Leaders who choose to see uncertainty as an opportunity will be leaders who preside over businesses that not only survive but thrive in the years ahead.
In 1998, researchers at the University of Wisconsin surveyed 30,000 Americans, asking them two questions. How much stress have you experienced over the past year? And do you think that stress is bad for you? They then tracked the respondents for the next eight years. Here’s what they found. Those that reported experiencing high levels of stress were 43% more likely to die, but only if they also believed that stress was harmful. In fact, individuals who experienced high levels of stress but who didn’t believe stress was harmful had the lowest risk of dying, lower than even those who experienced low levels of stress and believed in the harmful effects of stress. The researchers concluded that the roughly twenty thousand Americans who die each year due to stress were dying not from stress itself but from their belief about stress.
This study has profound implications for business leaders today. If we were to survey 30,000 business organizations this year and ask the same two questions, my guess is we would get similar results.
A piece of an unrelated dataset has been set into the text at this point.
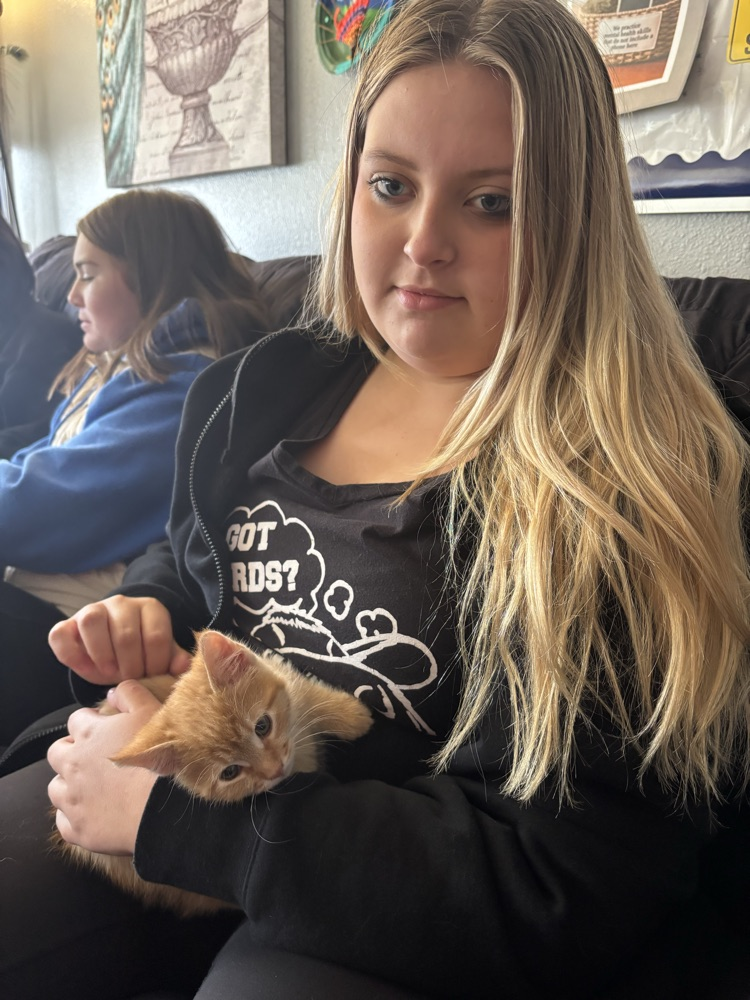 student with kitten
Businesses are facing unprecedented amounts of stress and uncertainty. The leaders who choose to see this uncertainty as an opportunity will be those who preside over businesses that not only survive but thrive in the years ahead.
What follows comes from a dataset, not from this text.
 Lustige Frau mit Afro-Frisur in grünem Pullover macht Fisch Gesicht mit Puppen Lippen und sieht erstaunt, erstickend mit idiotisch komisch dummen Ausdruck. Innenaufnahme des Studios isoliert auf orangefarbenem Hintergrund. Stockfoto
We live and act out of the meaning we give our circumstances. The stories we tell ourselves and others drive the actions we take and the results we get. Business leaders have the responsibility to consistently communicate a narrative that acknowledges the challenging reality of these times and, at the same time, articulates the very real possibility of getting stronger because of, not despite, the challenges we face. This is what Nassim Taleb meant when he gave us the term anti-fragile – the property of a system that increases in strength in response to stress.
If you’re leading a system right now, how would you answer the two questions regarding the stress that your organization is facing right now? What story are you telling yourself and your company? And what story would you need to tell to make the next twelve months the most rewarding of people’s lives? This is the primary responsibility of leadership right now. Many of the challenges you face are beyond your control. The story you tell about them and the corresponding actions you take are not.
Tuesday Tips
For more on the University of Wisconsin stress study, it’s worth watching Kelly McGonigal’s Ted Talk. McGonigal, a Stanford University psychologist, and lecturer, is considered the leading researcher on the subject.
If you’ve ever wondered about our current obsession with ourselves, you should check out Maria Popova’s invitation “Unselfing Social,” a 30-day experiment to “make the focus of one in every three things you share on social media. . . something other than yourself or your own work.”
Last week, I watched a terrific movie – Sound of Metal. I highly recommend it.